El pensar, como acto moral intransigente, fue su apuesta teórica esencial: resistencia metafísica, proyecto en la historia. «Nunca fuimos tan libres que bajo la ocupación alemana —escribía, así, en 1946, en unos de sus textos políticos más bellos—. Habíamos perdido todos nuestros derechos y ante todo el de hablar, éramos diariamente insultados a la cara y teníamos que callar; éramos deportados en masa, como trabajadores, como judíos, como prisioneros políticos; por todas partes, sobre las paredes, en los periódicos, sobre las pantallas, encontrábamos ese inmundo rostro que de nosotros mismos querían ofrecernos nuestros opresores.
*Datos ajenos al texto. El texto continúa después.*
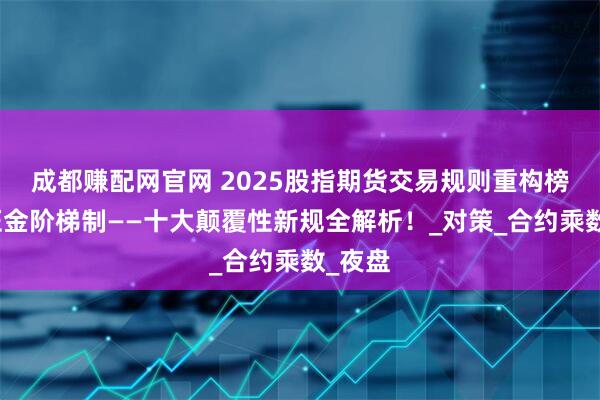 成都赚配网官网 2025股指期货交易规则重构榜：保证金阶梯制——十大颠覆性新规全解析！_对策_合约乘数_夜盘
A causa de ello éramos libres. Pensar es resistir, o bien no es nada. Nadie que haya degustado ese placer podrá olvidarlo nunca: la libertad es decir no. Puesto que el veneno fascista se deslizaba hasta nuestro pensamiento, cada pensamiento justo era una conquista, puesto que una policía todopoderosa trataba de forzarnos al silencio, cada palabra resultaba tan preciosa como una declaración de principios, puesto que estábamos maniatados, cada gesto nuestro tenía el peso de un compromiso».
Era más que un manifiesto político. Era la descripción precisa del único modo éticamente tolerable de estar vivo. Y no era nada difícil reconocerse en el bello rigor de esa propuesta filosófica: libertad, resistencia, capacidad de negación en suma, aun en las más duras constricciones —sobre todo en ellas—, es rechazo de lo impuesto. Interrogación suspensora, también, de toda certidumbre.